Calculating a ransom could be a complicated business and fortunes could be made and lost, depending on the prisoner’s ability to pay. There could also be arguments about who had taken someone prisoner. Legal cases could go on for years to sort this kind of thing out, even for prisoners who weren’t really worth very much, but the man who has captured Geoffrey has taken his sword, so there can be no questions later.

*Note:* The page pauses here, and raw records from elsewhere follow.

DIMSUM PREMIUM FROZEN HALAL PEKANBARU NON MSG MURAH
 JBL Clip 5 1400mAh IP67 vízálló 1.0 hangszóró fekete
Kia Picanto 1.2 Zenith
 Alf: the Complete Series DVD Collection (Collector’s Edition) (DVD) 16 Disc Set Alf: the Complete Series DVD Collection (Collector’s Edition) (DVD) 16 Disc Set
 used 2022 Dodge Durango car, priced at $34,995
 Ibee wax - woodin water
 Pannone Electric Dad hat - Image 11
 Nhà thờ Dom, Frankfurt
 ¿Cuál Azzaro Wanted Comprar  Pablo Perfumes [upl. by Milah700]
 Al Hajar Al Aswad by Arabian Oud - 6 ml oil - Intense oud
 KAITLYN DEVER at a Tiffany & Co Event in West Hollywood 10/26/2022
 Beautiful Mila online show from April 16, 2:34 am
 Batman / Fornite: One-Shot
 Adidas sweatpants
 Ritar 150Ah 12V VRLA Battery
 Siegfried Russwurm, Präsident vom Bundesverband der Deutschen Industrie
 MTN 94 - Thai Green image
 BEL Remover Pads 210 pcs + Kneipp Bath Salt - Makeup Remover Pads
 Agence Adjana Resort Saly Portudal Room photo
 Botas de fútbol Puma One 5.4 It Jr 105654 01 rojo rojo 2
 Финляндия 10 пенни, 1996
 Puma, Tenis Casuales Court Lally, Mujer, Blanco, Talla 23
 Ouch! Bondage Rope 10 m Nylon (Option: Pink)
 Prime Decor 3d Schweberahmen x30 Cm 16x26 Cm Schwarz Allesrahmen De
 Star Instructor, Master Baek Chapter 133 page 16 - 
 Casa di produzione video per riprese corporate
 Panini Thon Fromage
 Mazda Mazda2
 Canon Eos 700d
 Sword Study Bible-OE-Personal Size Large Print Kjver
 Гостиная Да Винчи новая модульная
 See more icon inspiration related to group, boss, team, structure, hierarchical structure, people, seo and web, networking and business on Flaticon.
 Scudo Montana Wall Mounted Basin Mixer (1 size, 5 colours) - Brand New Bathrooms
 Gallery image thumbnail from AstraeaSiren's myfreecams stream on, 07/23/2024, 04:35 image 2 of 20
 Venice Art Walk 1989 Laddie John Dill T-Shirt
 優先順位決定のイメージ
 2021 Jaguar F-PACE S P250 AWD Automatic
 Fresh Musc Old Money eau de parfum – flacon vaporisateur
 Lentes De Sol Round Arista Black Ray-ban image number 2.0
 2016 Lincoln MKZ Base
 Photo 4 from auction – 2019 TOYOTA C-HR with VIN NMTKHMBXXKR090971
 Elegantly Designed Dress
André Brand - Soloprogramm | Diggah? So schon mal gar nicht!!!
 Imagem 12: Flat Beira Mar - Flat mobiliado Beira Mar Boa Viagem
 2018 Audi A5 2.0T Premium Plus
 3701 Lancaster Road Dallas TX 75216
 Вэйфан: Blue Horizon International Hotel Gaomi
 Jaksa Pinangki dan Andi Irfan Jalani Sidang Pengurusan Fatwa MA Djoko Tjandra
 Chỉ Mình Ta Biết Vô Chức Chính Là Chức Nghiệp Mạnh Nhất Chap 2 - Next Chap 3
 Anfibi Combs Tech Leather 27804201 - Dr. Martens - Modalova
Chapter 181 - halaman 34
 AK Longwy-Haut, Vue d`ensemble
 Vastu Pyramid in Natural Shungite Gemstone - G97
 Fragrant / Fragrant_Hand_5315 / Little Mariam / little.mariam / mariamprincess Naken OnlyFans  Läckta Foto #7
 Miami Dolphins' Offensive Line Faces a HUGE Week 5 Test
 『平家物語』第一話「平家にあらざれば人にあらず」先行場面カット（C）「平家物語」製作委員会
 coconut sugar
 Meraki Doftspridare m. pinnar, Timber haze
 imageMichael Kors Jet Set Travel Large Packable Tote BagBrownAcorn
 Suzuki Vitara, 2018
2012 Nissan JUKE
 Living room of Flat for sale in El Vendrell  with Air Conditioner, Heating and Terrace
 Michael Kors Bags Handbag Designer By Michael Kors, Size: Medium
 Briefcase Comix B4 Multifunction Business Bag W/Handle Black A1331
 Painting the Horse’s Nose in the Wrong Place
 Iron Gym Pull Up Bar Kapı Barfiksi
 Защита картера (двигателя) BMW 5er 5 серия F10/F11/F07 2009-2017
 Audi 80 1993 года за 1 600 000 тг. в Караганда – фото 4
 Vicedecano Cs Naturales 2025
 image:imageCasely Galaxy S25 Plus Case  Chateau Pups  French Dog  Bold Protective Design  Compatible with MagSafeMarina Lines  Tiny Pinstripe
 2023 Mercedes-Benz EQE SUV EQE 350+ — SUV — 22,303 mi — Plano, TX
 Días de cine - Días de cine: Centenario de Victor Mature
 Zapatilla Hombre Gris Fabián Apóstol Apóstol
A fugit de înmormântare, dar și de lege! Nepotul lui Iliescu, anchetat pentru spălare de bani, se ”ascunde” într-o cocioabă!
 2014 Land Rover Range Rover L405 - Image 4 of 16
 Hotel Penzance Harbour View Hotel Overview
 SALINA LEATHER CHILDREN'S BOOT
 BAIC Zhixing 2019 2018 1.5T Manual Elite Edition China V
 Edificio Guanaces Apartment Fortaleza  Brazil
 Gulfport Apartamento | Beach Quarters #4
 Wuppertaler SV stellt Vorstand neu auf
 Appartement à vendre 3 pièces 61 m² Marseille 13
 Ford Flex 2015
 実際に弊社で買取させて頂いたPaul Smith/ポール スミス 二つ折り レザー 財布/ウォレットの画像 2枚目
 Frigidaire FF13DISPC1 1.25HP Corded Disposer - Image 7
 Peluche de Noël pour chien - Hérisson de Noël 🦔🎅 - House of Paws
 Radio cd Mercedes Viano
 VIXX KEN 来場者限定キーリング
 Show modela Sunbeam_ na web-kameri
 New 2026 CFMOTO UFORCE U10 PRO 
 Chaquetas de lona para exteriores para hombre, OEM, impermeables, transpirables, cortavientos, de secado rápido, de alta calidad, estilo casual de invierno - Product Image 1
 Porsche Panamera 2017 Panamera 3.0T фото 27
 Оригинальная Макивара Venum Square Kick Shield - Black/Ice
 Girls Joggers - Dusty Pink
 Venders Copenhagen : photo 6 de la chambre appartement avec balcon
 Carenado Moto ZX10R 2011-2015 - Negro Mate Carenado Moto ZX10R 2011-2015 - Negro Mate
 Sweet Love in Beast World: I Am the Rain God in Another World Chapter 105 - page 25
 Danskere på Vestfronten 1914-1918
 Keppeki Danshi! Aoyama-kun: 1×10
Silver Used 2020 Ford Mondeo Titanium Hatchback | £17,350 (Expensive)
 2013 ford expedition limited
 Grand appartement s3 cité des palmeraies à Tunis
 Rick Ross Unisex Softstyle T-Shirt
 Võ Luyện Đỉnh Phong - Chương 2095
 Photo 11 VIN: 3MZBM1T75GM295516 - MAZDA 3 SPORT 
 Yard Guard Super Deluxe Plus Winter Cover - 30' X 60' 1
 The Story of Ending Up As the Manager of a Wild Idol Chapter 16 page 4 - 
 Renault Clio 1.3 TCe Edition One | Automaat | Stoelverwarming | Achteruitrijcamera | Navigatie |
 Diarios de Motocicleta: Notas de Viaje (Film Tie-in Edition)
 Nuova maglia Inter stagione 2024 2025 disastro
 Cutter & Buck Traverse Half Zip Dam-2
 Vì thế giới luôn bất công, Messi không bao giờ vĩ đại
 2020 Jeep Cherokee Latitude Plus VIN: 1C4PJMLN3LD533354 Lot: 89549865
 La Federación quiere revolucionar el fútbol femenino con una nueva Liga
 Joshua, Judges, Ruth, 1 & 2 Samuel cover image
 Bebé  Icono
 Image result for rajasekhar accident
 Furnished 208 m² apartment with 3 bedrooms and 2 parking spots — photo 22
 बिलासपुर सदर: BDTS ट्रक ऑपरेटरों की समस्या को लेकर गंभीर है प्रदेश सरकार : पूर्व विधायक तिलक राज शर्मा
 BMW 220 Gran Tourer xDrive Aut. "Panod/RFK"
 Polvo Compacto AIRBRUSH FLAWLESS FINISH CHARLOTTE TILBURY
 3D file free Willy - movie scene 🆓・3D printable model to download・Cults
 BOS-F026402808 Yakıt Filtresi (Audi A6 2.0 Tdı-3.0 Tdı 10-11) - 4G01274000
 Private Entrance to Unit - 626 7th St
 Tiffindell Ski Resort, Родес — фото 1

In addition to a ransom, the prisoner, or his friends or family, had to pay for his accommodation and food. It was, therefore, in his best interests, to ensure that the ransom was paid as quickly as possible. Costs could mount up quickly over the months and years (possibly) that a man was held while he was raising the money to pay his ransom. The figures that I have, from Prisoners of War in the Hundred Years War, relate to ransoms demanded by the English for their French prisoners, since there were many more of these after the battle of Poitiers. This is the kind of information that would have guided Geoffrey and his brother when they decided how much they might have to pay for their freedom if they were captured.
The first category of prisoner is rather shocking, as it covers earls, counts and bishops. I suppose a king might take a bishop to war with him and I know that a bishop did lead an army against the Scots when they raided the north of England while Edward III was in France, but it’s still a bit of a surprise that bishops were taken prisoner and ransomed. They were not supposed to fight and non-combatants weren’t supposed to be captured. Men of this rank were worth between £2,000 and £8,000. This is an eye-wateringly large amount. As always, I’ll remind you that a skilled labourer earned about 4d a day. For those of you not familiar with the workings of pounds, shillings and pence that’s 120,000 days of labour for the lower ransom. If our skilled labourer worked every single day, it would take him 330 years to earn that amount. Fortunately, earls, counts and bishops were usually fabulously wealthy. Even so, a ransom of this size would put a serious dent in that wealth.
Men in the next category, barons, could expect to pay a much lower ransom. They were worth £500, or 30,000 days of labour. Knights and esquires were worth between £50 and £500. Other high-status servants were valued at £50 or less. Eight years of labour.
In 1360 a ransom of £16 was paid for Geoffrey Chaucer, who was captured by the French while he was out foraging. This was still 960 days worth of labour and clearly impossible for even an important and trusted servant like Chaucer to raise. Four years earlier he had been a page and it’s unlikely that his position in Lionel of Antwerp’s retinue was much more than that. Fortunately for him, the ransom was paid by the king, which makes me wonder whether Chaucer really was foraging or doing something entirely different on the king’s behalf.
Although he has no land, my Geoffrey has rich relatives and a name that his captor recognises, so he can expect his ransom to be more than that for other knights of similar wealth. His only hope for a quick release is that his captor won’t be too greedy, because Geoffrey knows that there’s no hope of any help from his cousin. I think he might have valued himself at about £175.